_What is being asked_
Each entry has to be copied exactly, with nothing missed.

_Listed records_
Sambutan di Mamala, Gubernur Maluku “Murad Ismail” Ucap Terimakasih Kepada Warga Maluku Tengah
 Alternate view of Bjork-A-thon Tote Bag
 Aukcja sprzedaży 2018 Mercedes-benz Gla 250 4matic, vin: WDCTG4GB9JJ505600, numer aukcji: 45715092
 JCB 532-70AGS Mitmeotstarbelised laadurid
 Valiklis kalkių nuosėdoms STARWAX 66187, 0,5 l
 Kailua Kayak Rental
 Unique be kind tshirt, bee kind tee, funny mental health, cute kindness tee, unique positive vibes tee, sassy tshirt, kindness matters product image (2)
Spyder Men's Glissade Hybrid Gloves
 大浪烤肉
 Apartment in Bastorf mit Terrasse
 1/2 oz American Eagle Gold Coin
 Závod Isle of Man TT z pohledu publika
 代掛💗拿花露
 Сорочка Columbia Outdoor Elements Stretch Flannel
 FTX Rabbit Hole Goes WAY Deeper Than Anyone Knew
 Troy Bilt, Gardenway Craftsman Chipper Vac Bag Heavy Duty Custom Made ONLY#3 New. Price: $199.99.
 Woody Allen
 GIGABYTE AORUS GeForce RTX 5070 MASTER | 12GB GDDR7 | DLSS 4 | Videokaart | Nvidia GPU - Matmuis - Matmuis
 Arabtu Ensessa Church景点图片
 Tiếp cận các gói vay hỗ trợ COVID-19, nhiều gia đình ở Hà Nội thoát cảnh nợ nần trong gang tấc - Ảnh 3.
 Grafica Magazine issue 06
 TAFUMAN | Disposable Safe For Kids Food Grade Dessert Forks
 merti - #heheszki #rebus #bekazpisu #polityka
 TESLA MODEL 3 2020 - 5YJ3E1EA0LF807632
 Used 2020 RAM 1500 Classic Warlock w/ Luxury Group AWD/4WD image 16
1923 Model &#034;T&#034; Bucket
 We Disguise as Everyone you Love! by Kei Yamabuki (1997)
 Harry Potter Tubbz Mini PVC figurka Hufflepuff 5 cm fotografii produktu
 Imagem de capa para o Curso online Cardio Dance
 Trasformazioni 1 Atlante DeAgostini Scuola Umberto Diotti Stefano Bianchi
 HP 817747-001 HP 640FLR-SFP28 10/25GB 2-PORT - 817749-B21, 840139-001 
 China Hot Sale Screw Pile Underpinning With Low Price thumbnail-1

_Expected output_
Sambutan di Mamala, Gubernur Maluku “Murad Ismail” Ucap Terimakasih Kepada Warga Maluku Tengah
 Alternate view of Bjork-A-thon Tote Bag
 Aukcja sprzedaży 2018 Mercedes-benz Gla 250 4matic, vin: WDCTG4GB9JJ505600, numer aukcji: 45715092
 JCB 532-70AGS Mitmeotstarbelised laadurid
 Valiklis kalkių nuosėdoms STARWAX 66187, 0,5 l
 Kailua Kayak Rental
 Unique be kind tshirt, bee kind tee, funny mental health, cute kindness tee, unique positive vibes tee, sassy tshirt, kindness matters product image (2)
Spyder Men's Glissade Hybrid Gloves
 大浪烤肉
 Apartment in Bastorf mit Terrasse
 1/2 oz American Eagle Gold Coin
 Závod Isle of Man TT z pohledu publika
 代掛💗拿花露
 Сорочка Columbia Outdoor Elements Stretch Flannel
 FTX Rabbit Hole Goes WAY Deeper Than Anyone Knew
 Troy Bilt, Gardenway Craftsman Chipper Vac Bag Heavy Duty Custom Made ONLY#3 New. Price: $199.99.
 Woody Allen
 GIGABYTE AORUS GeForce RTX 5070 MASTER | 12GB GDDR7 | DLSS 4 | Videokaart | Nvidia GPU - Matmuis - Matmuis
 Arabtu Ensessa Church景点图片
 Tiếp cận các gói vay hỗ trợ COVID-19, nhiều gia đình ở Hà Nội thoát cảnh nợ nần trong gang tấc - Ảnh 3.
 Grafica Magazine issue 06
 TAFUMAN | Disposable Safe For Kids Food Grade Dessert Forks
 merti - #heheszki #rebus #bekazpisu #polityka
 TESLA MODEL 3 2020 - 5YJ3E1EA0LF807632
 Used 2020 RAM 1500 Classic Warlock w/ Luxury Group AWD/4WD image 16
1923 Model &#034;T&#034; Bucket
 We Disguise as Everyone you Love! by Kei Yamabuki (1997)
 Harry Potter Tubbz Mini PVC figurka Hufflepuff 5 cm fotografii produktu
 Imagem de capa para o Curso online Cardio Dance
 Trasformazioni 1 Atlante DeAgostini Scuola Umberto Diotti Stefano Bianchi
 HP 817747-001 HP 640FLR-SFP28 10/25GB 2-PORT - 817749-B21, 840139-001 
 China Hot Sale Screw Pile Underpinning With Low Price thumbnail-1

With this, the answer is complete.